Shanghai: Experiment Freihandelszone

In Shanghai startet an diesem Wochenende ein neues wirtschaftliches Experiment, das von staatlichen chinesischen Medien als Meilenstein in Chinas wirtschaftlicher Öffnungspolitik gefeiert wird. Im Finanzviertel Pudong soll eine Freihandelszone entstehen, in der künftig viel liberalere wirtschaftliche Regeln gelten als im Rest Chinas.

Mittagsjournal, 27.9.2013

Begrenzte Freiheit

Ausländer sollen sich in der neuen Freihandelszone von Shanghai wie zuhause fühlen, werden hochrangige Regierungsmitarbeiter anonym zitiert. Und dazu gehört eben auch, dass sie Angebote wie Facebook, Twitter oder die Online-Dienste der New York Times nutzen können, die derzeit von Chinas großer Firewall blockiert werden. Andere Medienberichte bezweifeln jedoch, dass diese Information stimmt. Vieles scheint im Fluss. Selbst wenn die Internetzensur in der neuen Wirtschaftszone fallen sollte - im Rest Chinas werden die Zensurbestimmungen sicher nicht gelockert werden.

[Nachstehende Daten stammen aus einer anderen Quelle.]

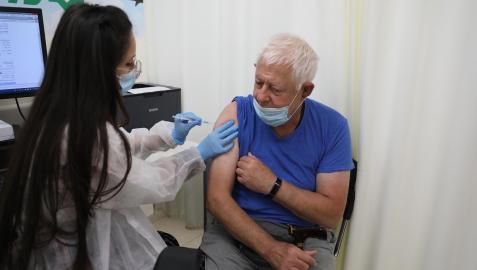 Israel vacuna Un hombre mayor de 60 años recibe la tercera dosis de la vacuna en Jerusalén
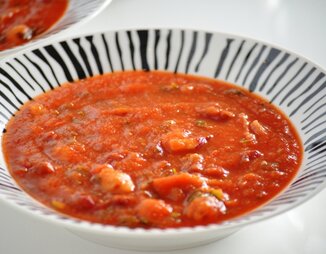 Sopa de tomate com feijão -томатный суп с фасолью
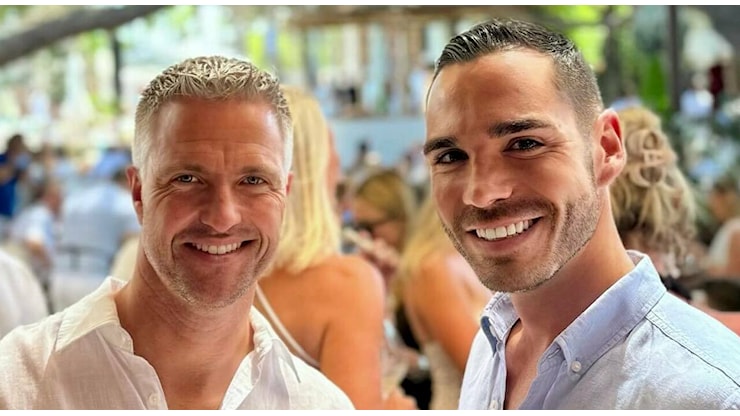 Ralf Schumacher si è sposato: nozze da fiction a Saint Tropez con il compagno Étienne. I look coordinati e gli auguri dell'ex moglie - Corriere Adriatico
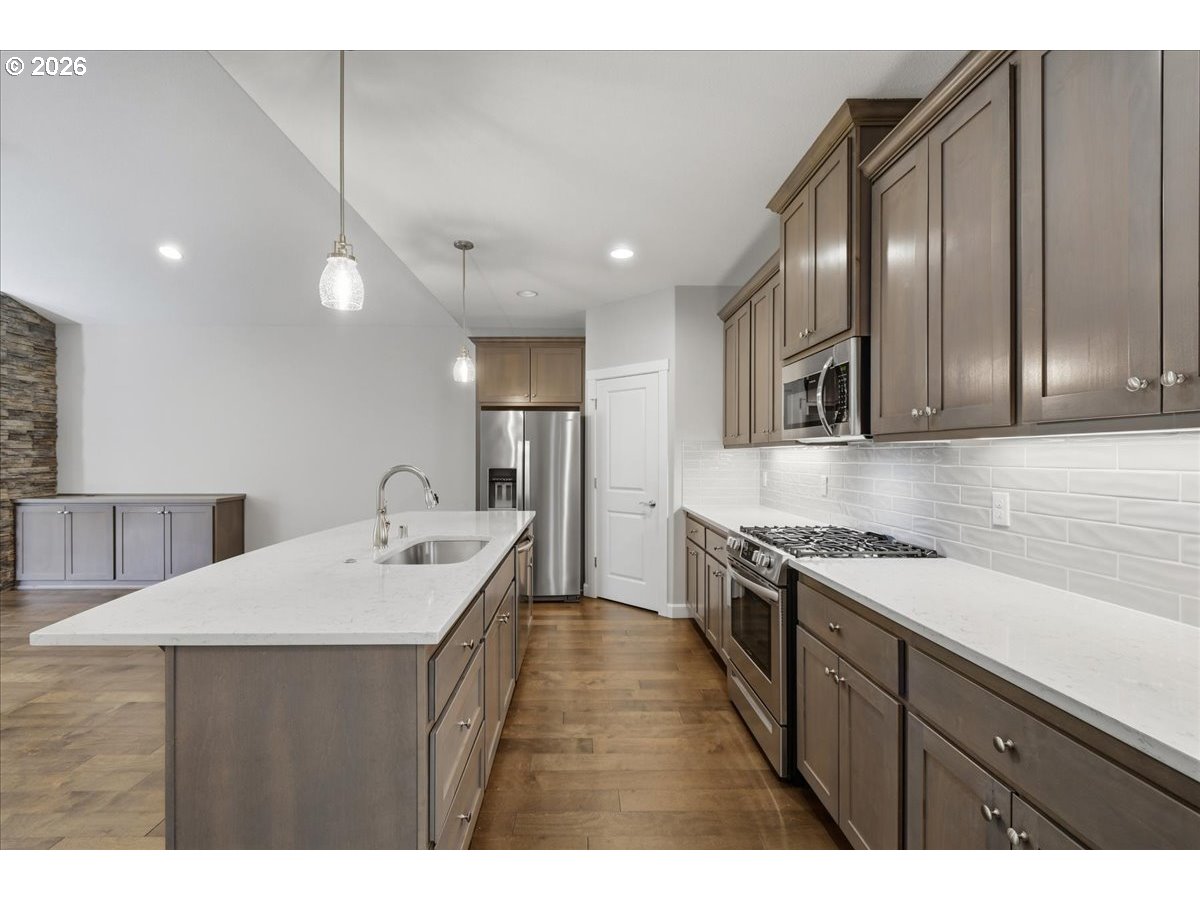 1821 Northeast 173rd Way Ridgefield, WA 98642 - Photo 17 of 36 Kitchen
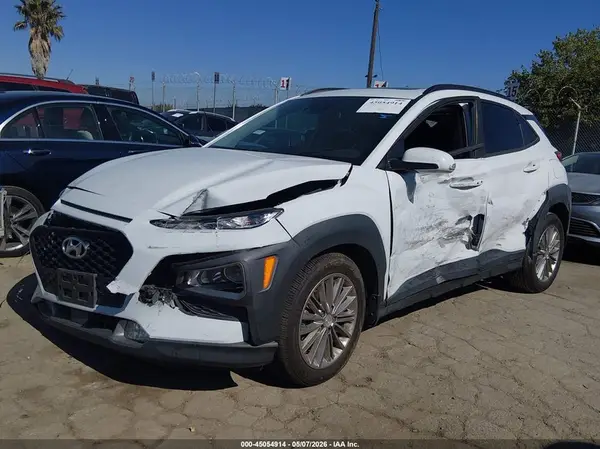 KM8K62AA4JU101252 2018 HYUNDAI KONA - Image 2
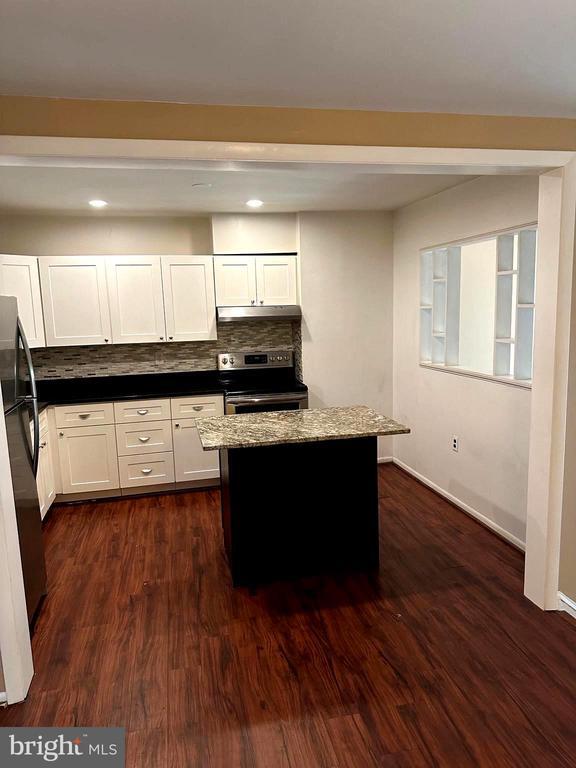 Photo - 6300 Bentham Ct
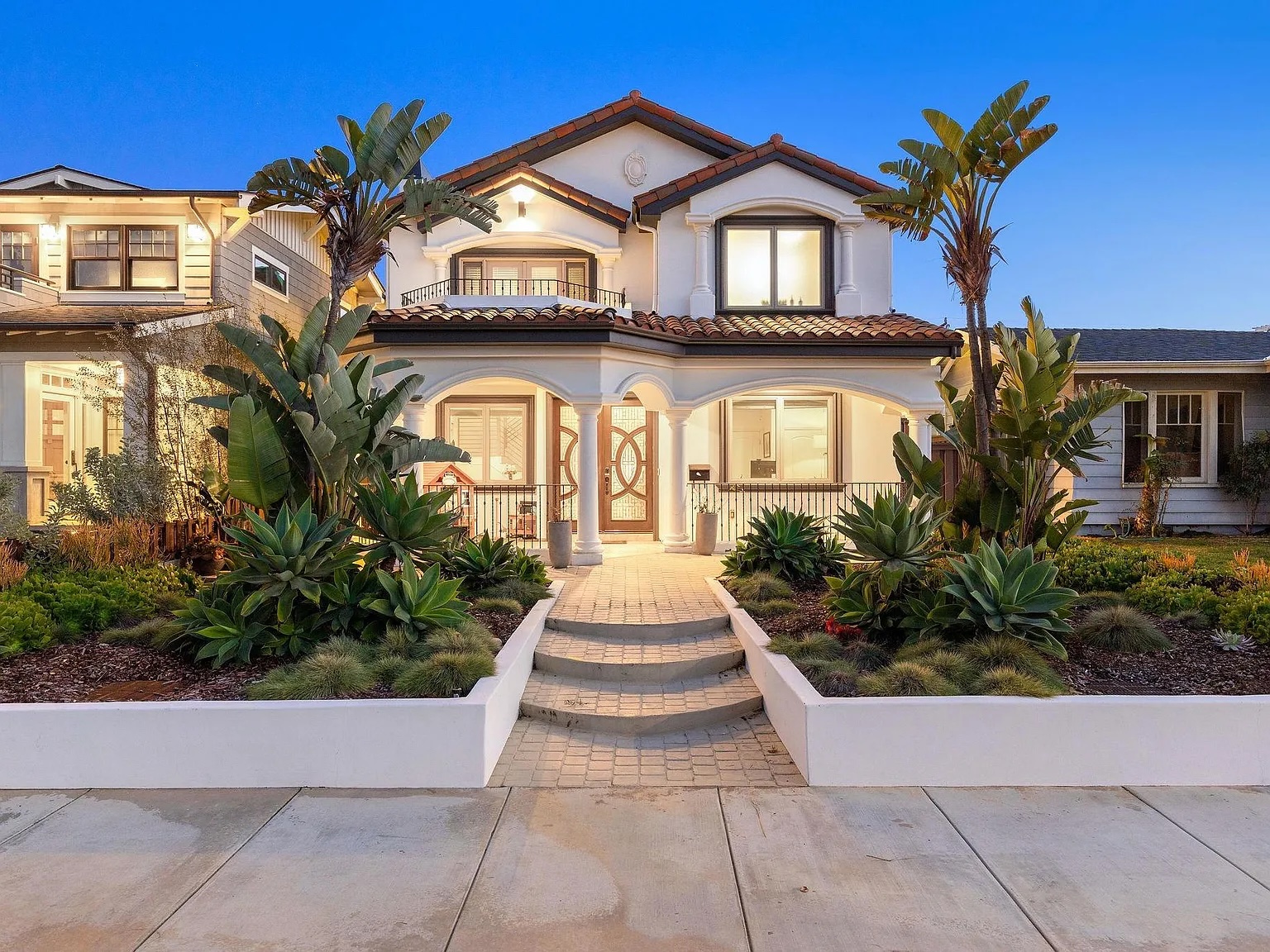 212 Avenue B, Redondo Beach, CA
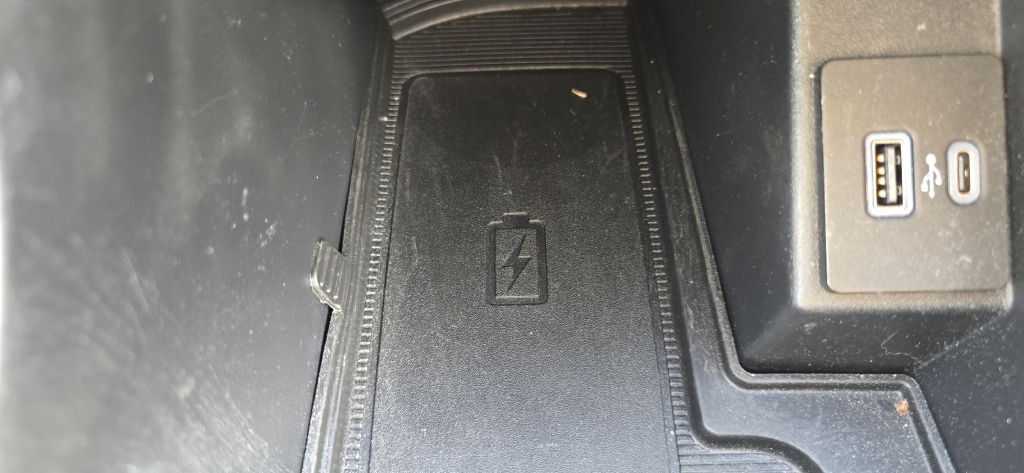 2022 Ford Edge Image 41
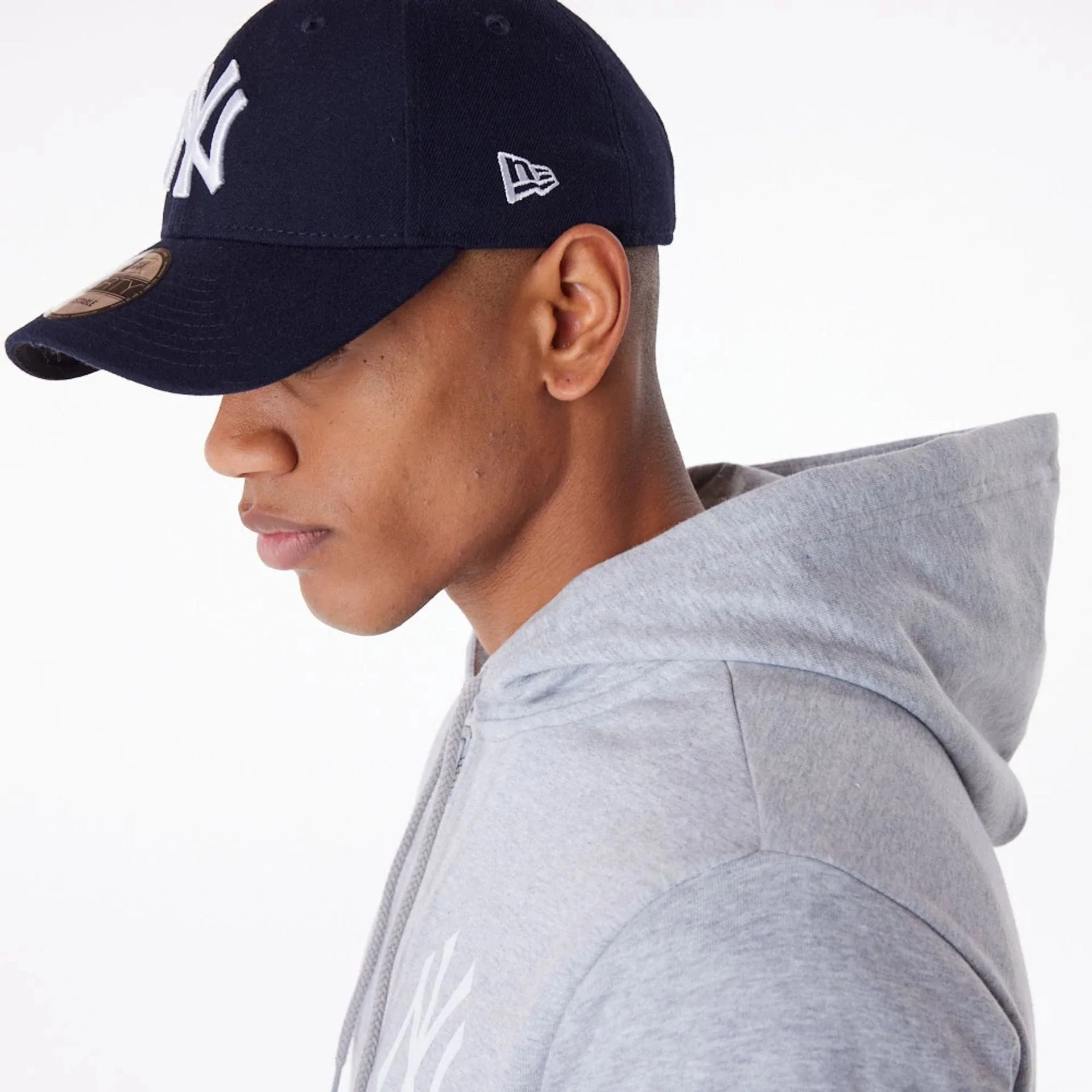 New York Yankees MLB Essential Grey Full Zip Hoodie - Image 3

Lieblingsprojekt des neuen Premierministers

Trotzdem soll die 29 Quadratkilometer große künftige Freihandelszone ein Pilotprojekt für Chinas weitere wirtschaftliche Öffnung sein. Ausländische Banken sollen Offshore-Geschäfte durchführen können, Kreditinstitute generell die Zinsen nach Marktgesetzen festlegen dürfen. Der Yuan soll relativ frei konvertierbar sein. Derzeit ist es Chinesen nicht gestattet, pro Jahr mehr als den Gegenwert von 50.000 US-Dollar ihrer Landeswährung in ausländische Währungen umzuwechseln. Die Unternehmenssteuer soll von 25 auf 15 Prozent gesenkt, die bürokratischen Hürden sollen deutlich verringert werden.

Die Freihandelszone in Shanghai gilt als Lieblingsprojekt des neuen Premierministers Li Keqiang, der bei seiner Antrittsrede umfangreiche wirtschaftliche Reformen versprochen hat: "Manchmal ist das Aufwühlen von Sonderinteressen schwieriger als das Aufwühlen der Seele. Aber wie tief das Wasser auch ist, wir müssen hinein, zu Reformen gibt es keine Alternative. Das Schicksal unseres Landes, die Zukunft unserer Nation hängt davon ab."

Widerstand von allen Seiten

Kritiker des Premierministers haben massiv Widerstand gegen das Projekt von Shanghai geleistet. Dem linken Parteiflügel sind liberale Wirtschaftsreformen ohnehin ein Dorn im Auge. Als Reformbremser gelten aber auch die Kapitäne der staatlichen Banken und großen Staatsbetriebe, die über ihre engen Beziehungen zur Partei bisher wirtschaftliche Pfründe genossen haben. Mehr Transparenz und Wettbewerb können sie wenig abgewinnen.

Auch wenn jüngst eine neue Kampagne gegen freie Meinungsäußerung im Internet rollt, auch wenn wieder einmal westliche Werte von der Parteipropaganda verteufelt werden und wenig darauf hindeutet, dass Chinas neue Führer ernsthaft politische Reformen planen.

Reformen nötig

Was Chinas Wirtschaft angeht, scheinen Präsident Xi Jinping und sein Premierminister entschlossen, der Öffnungspolitik einen weiteren Schub zu geben nachdem die letzte Generation an Führern in den vergangenen 10 Jahren wirtschaftspolitisch kaum etwas weitergebracht hat. Chinas Wirtschaft hängt zu stark von Exporten und staatlichen Investitionen ab. Chinesen konsumieren zu wenig, Banken bevorzugen Staatsbetriebe und knebeln private Unternehmer, die Provinzen stöhnen unter immer höheren Schulden. Chinas wirtschaftliches Erfolgsmodell ist angezählt. Das Projekt in Shanghai dient als neues Experiment. Nur, ob es so wie angekündigt verwirklicht wird, ist unklar. Und hängt letztlich davon ab, ob sich die Reformkräfte auf Dauer gegenüber Betonköpfen und Bremsern durchsetzen können.